Enter WAN-IFRA on Google search and 243,000 links immediately pop up. The numbers speak volumes on the scale and magnitude of the event that is being held in Hyderabad, the first ever in South Asia. But then here comes the corollary: members affiliated to WAN-IFRA, led by the erstwhile management team, want answers from Google and other content aggregators on the rampant use – or abuse – by users that is burning a hole in the pockets of publishers.
Strange as it may sound, where on the one hand search engines help push the salience and scope of the brand, on the other hand, the content generators feel being constantly misused and not being paid appropriately for use of their service.

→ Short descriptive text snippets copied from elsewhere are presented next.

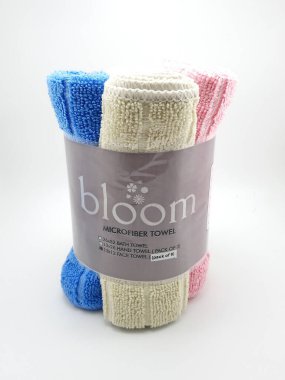 MANILA, PH - OCT 17 - Çiçek yüzlü mikrofiber havlu 17 Ekim 2020, Manila, Filipinler.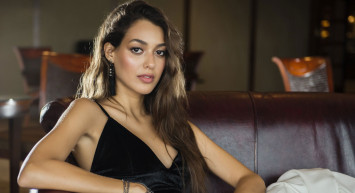 Dilan Çiçek Deniz dekolteyi abarttı, sosyal medya karıştı!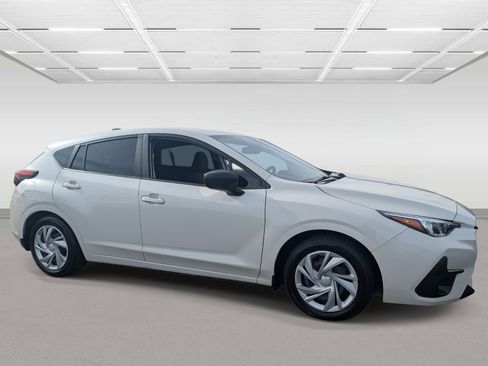 Certified 2024 Subaru Impreza 2.0i image 7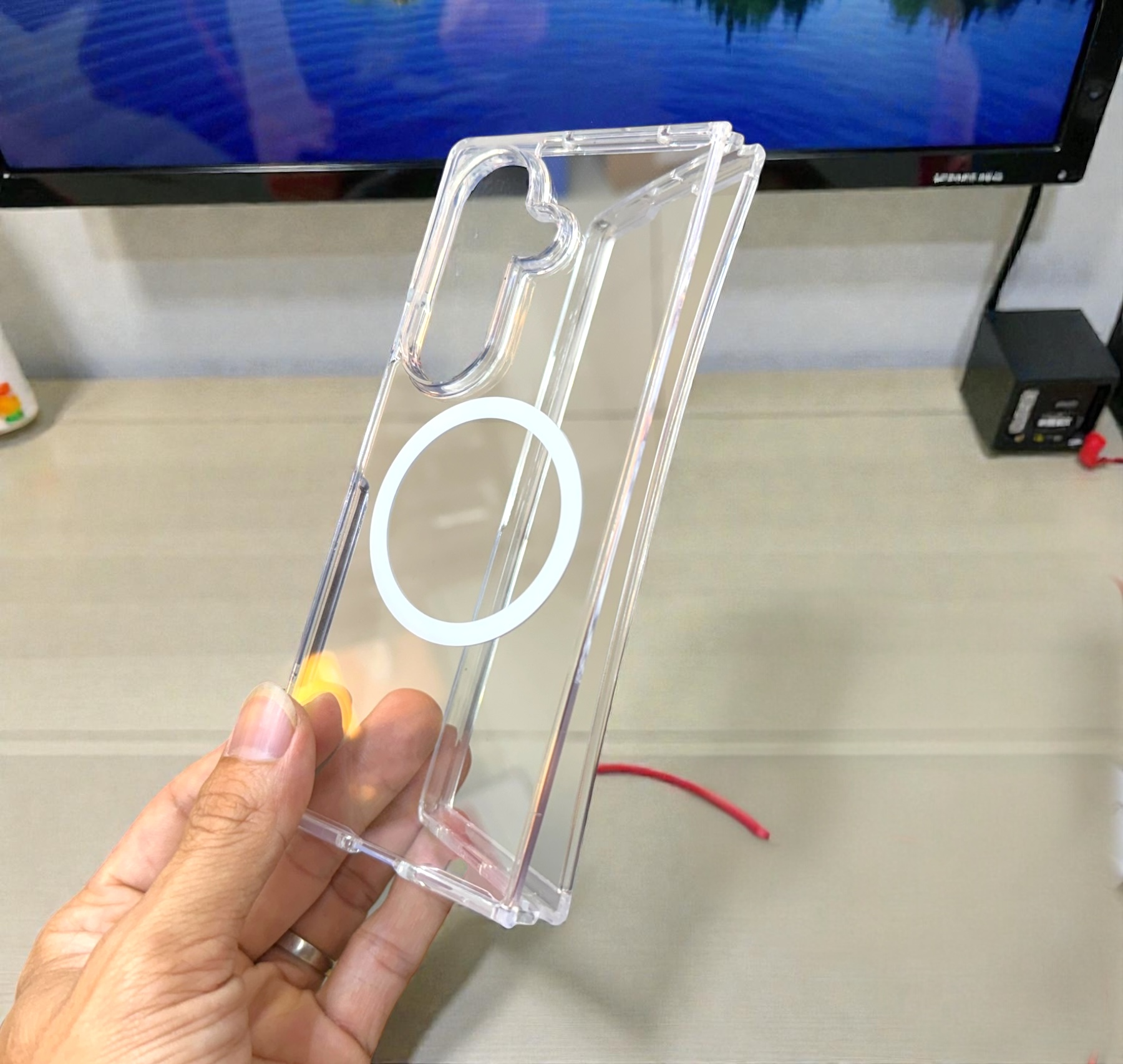Ốp lưng Galaxy Z Fold 7 Likgus trong suốt có sạc không dây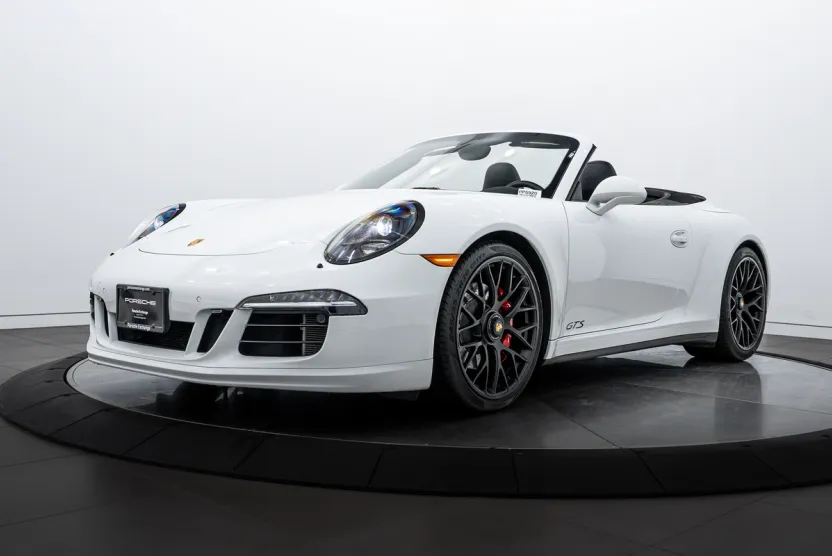 2015 Porsche 911 4S GTS photo 1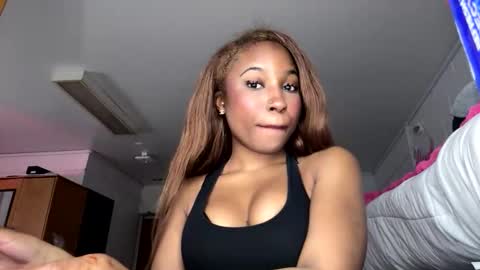 Snapshot of missmarimac chatting on February 26, 2026, 9:58 pm missmarimac online show from February 26, 2026, 9:58 pm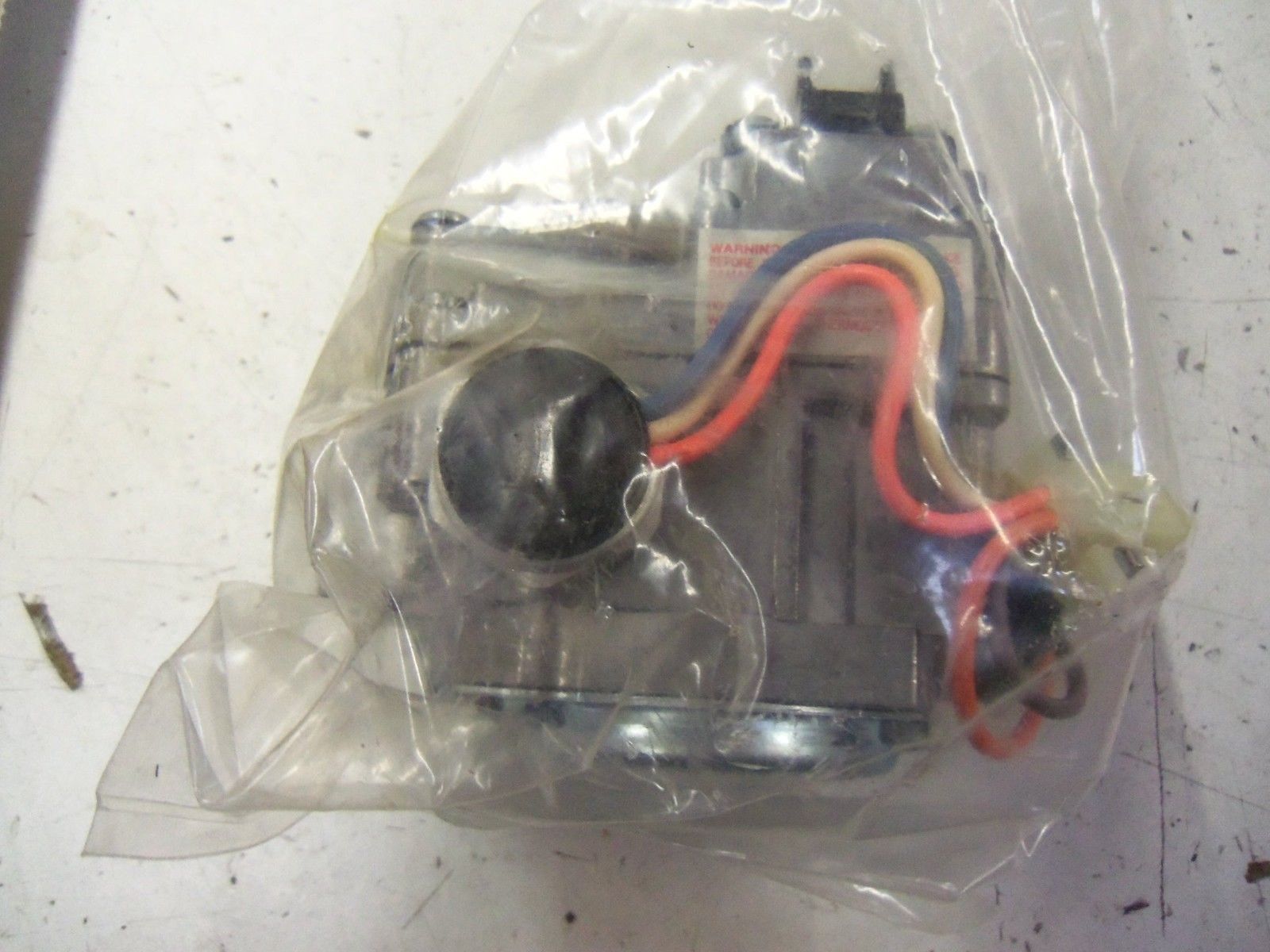 ROBERTSHAW 7000BKER-S7A  *NEW IN BOX*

In the session on ‘What do we do about Google? The great debate’, senior members from WAN-IFRA chose to put Google under the scanner and blame it for the several manipulations and losses it was causing to the content-generating community – namely the publishers.
The organisers began by questioning David Drummond, Senior VP & Chief Legal Counsel, Google Inc, USA, on the dubious focus that the online giant portrayed towards content on the web. “While the CEO says that it is a huge moral imperative to help newspapers, there comes another statement a little later stating that ‘we’re good for journalism’. It cannot get more contradicting than this. We publishers will have to ask ourselves and the online giants whether we need a sort of a recovery act to bring the legal landscape in line with today’s publishing technology,” stated Kees Spaan, President, Dutch Newspaper Publishers Association & Chairman, Copyright Working Party.
Sensing the heated aura that would be generated thereof, Drummond began by calling for a soft truce by stating, “Please don’t shoot, I am unarmed and I come with peace.” He, however, counter-questioned the gathering by stating, “If Google didn’t exist today, will the industry be better off? Apart from being a part of your problem, we want to play a proactive role in providing solutions.” He continued by bringing some facts to the attention of the audience. “Some of you may be frustrated for not getting any returns from Google, but that is not entirely true. We help you get your page views; and users go to the web to get information and we are just providers of that information,” he said.
As for some mechanism related to monetisation, Drummond said that Google was working on the ‘first click through’ method, where users could view five stories only and for any info beyond that, they would have to pay. “We are also in the process of launching a crawler or indexer wherein publishers can instruct us on the role that we need to play with regards to the use of content. But all this is possible only after we sit across and agree on concrete solutions that will be beneficial to both the parties.”